• _Work request_
Below are lines of data; restate word for word those running from the line containing "Beige chair (used)" to the line containing "Penari Rusia Ramaikan", inclusive, and no others.

• _Exercise materials_
__________________________________________________

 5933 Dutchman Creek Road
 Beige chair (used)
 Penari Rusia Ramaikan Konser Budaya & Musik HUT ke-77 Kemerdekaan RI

__________________________________________________

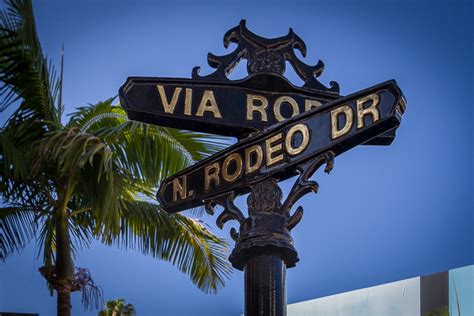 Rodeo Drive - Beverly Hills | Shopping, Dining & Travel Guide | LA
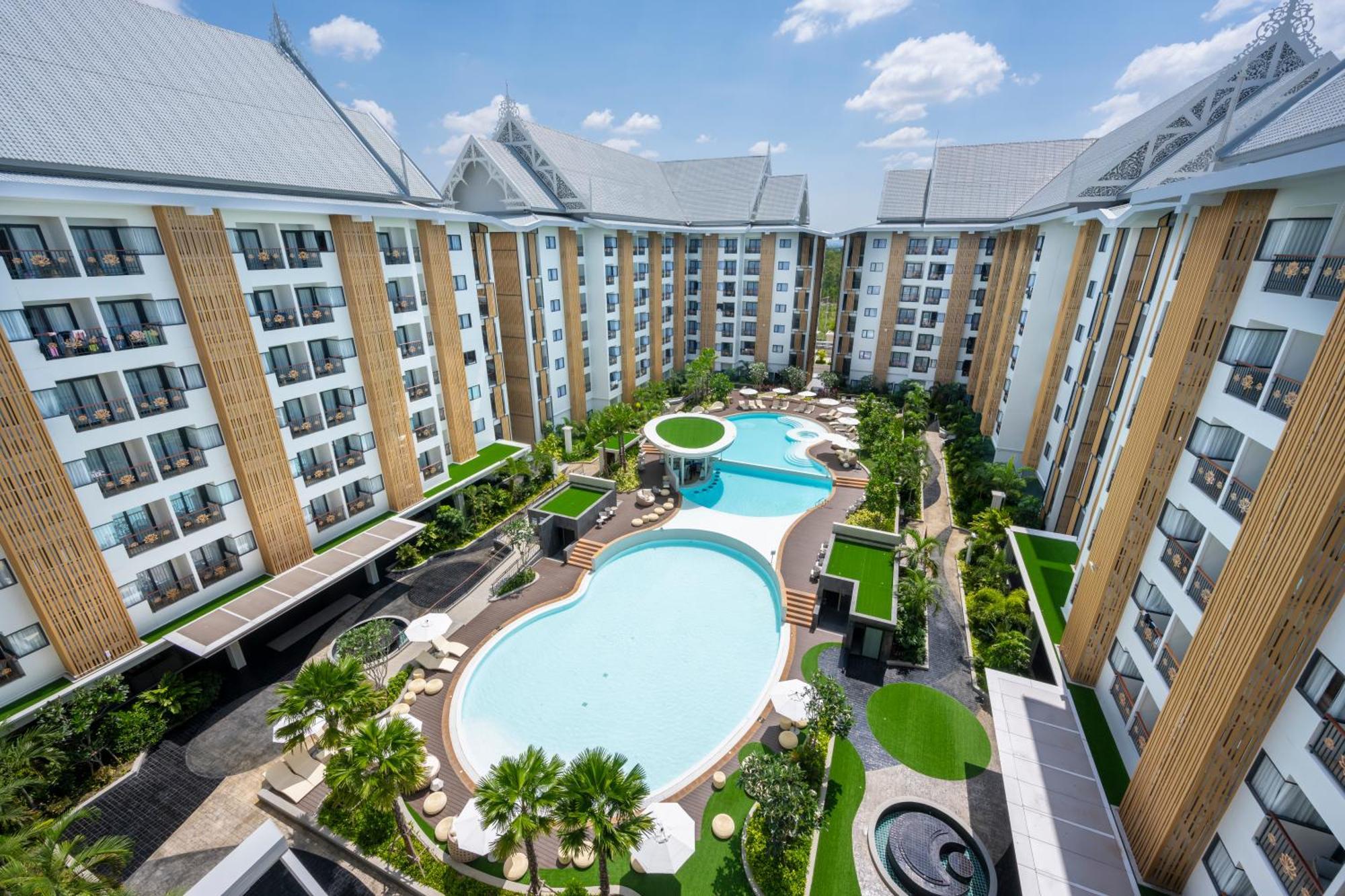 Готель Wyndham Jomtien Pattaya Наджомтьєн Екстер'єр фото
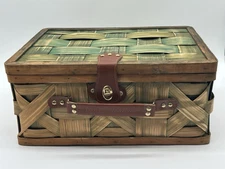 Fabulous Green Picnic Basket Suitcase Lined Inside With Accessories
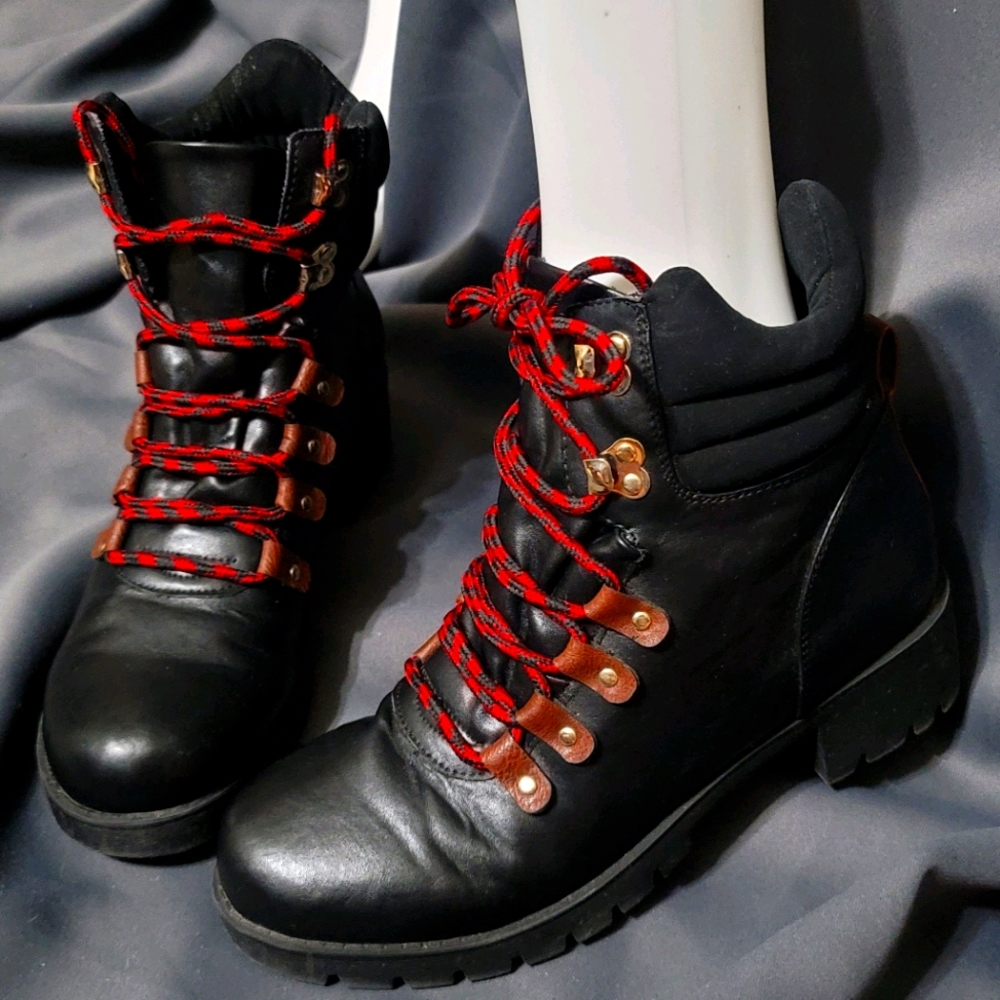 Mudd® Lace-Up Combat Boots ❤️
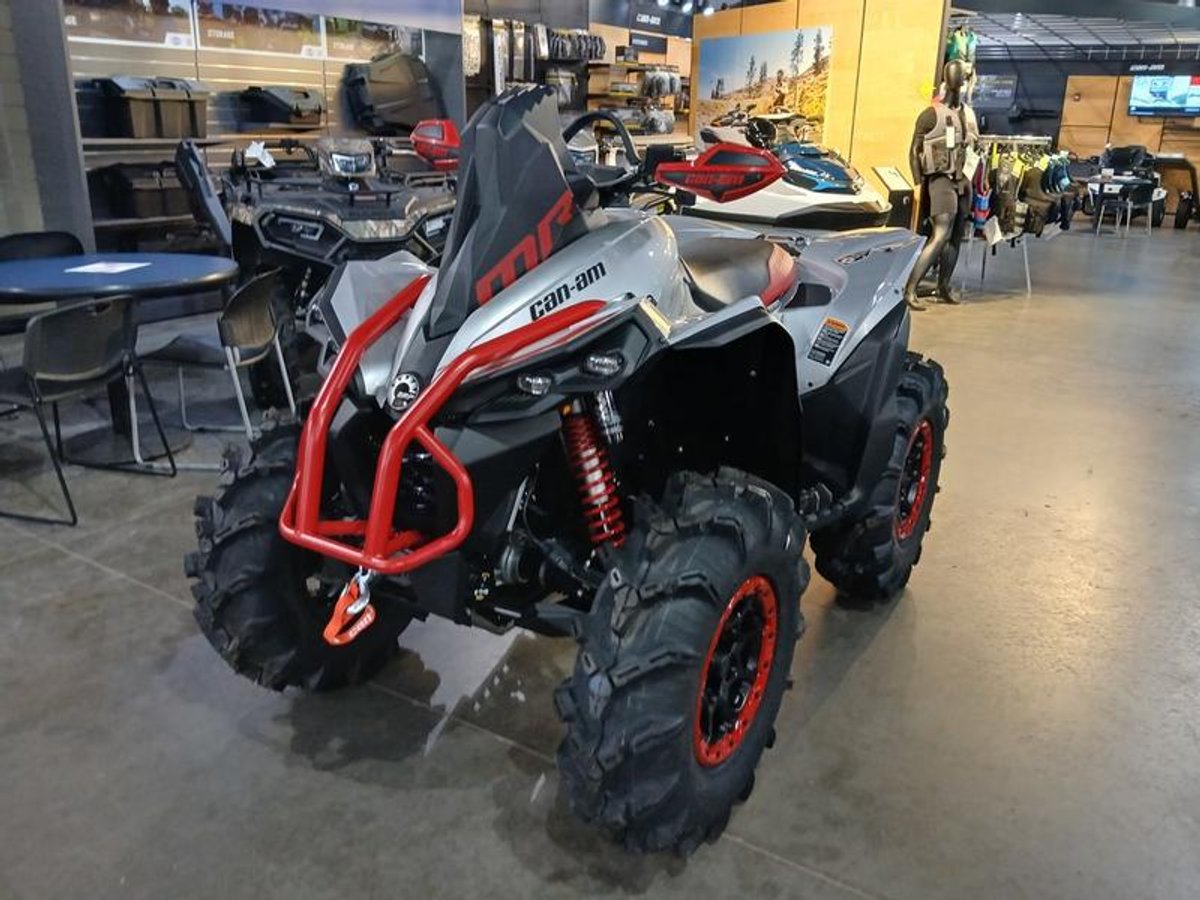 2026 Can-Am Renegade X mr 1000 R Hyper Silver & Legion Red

__________________________________________________

• _Result for this exercise_
 Beige chair (used)
 Penari Rusia Ramaikan Konser Budaya & Musik HUT ke-77 Kemerdekaan RI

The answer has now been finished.